I can relate to the freaky sounds an old house makes. Glad to see you back here writing! *
*
Surreal. I like the ride. *
Nothing becoming something is what we all dream of.
Oh I like this very much. Great pace and tone. And randomness, like this:
“Did you know this game was invented on a yacht?”
Love that.
I'd consider deleting the "Anyway" that follows. I like the way it feels/sounds without it. The staccato rhythm works for me, and "Anyway" introduces a slowed pace, a kind of drag in the telling. Even "She wins" could be a sentence on its own -- but that only occurred to me now when I read it again out loud to myself, for the fourth time.
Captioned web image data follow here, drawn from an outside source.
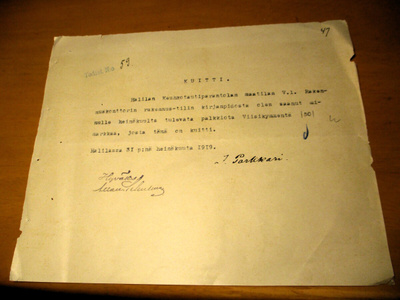 1919 Halila keuhkotautiparontola kuitti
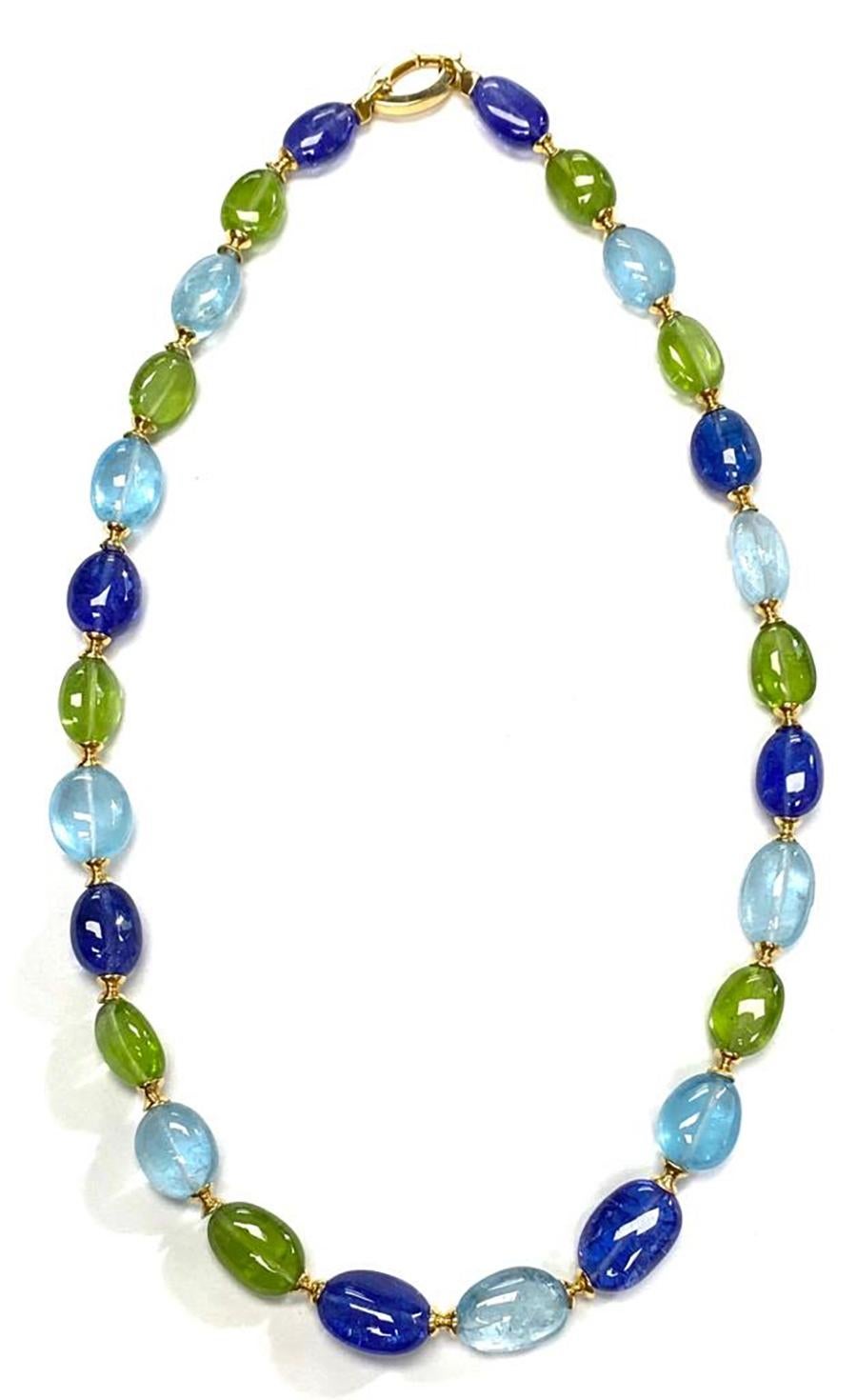 Contemporary Goshwara Tanzanite, Blue Topaz and Peridot Bead Necklace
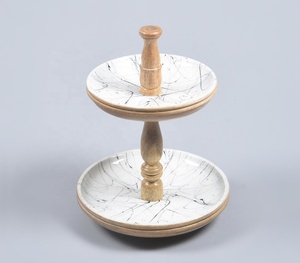 Low MOQ Customized Enameled & Turned Mango <b>Wood</b> 2-Tiered <b>Cupcake</b> <b>Stand</b> Manufacturer Wholesaler Exporter - Product Image 1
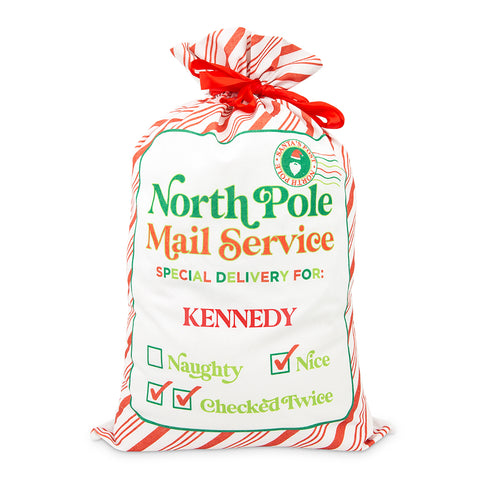 LARGE PERSONALIZED DRAWSTRING SANTA SACK FOR GIFTS -  NORTH POLE DELIVERY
Just something to think about. I could be wrong about all that.
Either way, big *
Ha! Love it. Yawns and scratching and fear - all contagious.
Lxx
Unsettling throughout with a perfect ending. Well done.*
*, M.J.. A well-wrriten story about a presage unheeded.
Though I sent out private messages, I wanted to make sure I thanked everyone for taking the time to read my little story. Your continued support of my work means a tremendous amount to me.
I should also mention that I've applied a few small edits concurrent with the posting of this comment.
I like this more and more, each time I read it.
Definitely something!
Nice work.
*
Crisply told, with no wastage and a nice sneak punch at the end.
***
I am agreeing with M. Elvy's last comment: This improves with every reading. Not many stories do.
I want to think that the lock on the outside was benevolent, meant at some point to protect the children from the medicine cabinet.
I want to. But you won't let me. *
Thank you David, R.K. and Gita!
Yes. This is quite creepy and it's so subtly done. *
Beautifully written, start to finish, time after time *
Thank you Cheryl, Foster.
This is lovely. Have read it a few times. Yr sentences are beautifully constructed. The ending haunts.
Does what good flash ought to and that's bring one moment straight home so that you just get a feeling from it. I felt this one, for sure.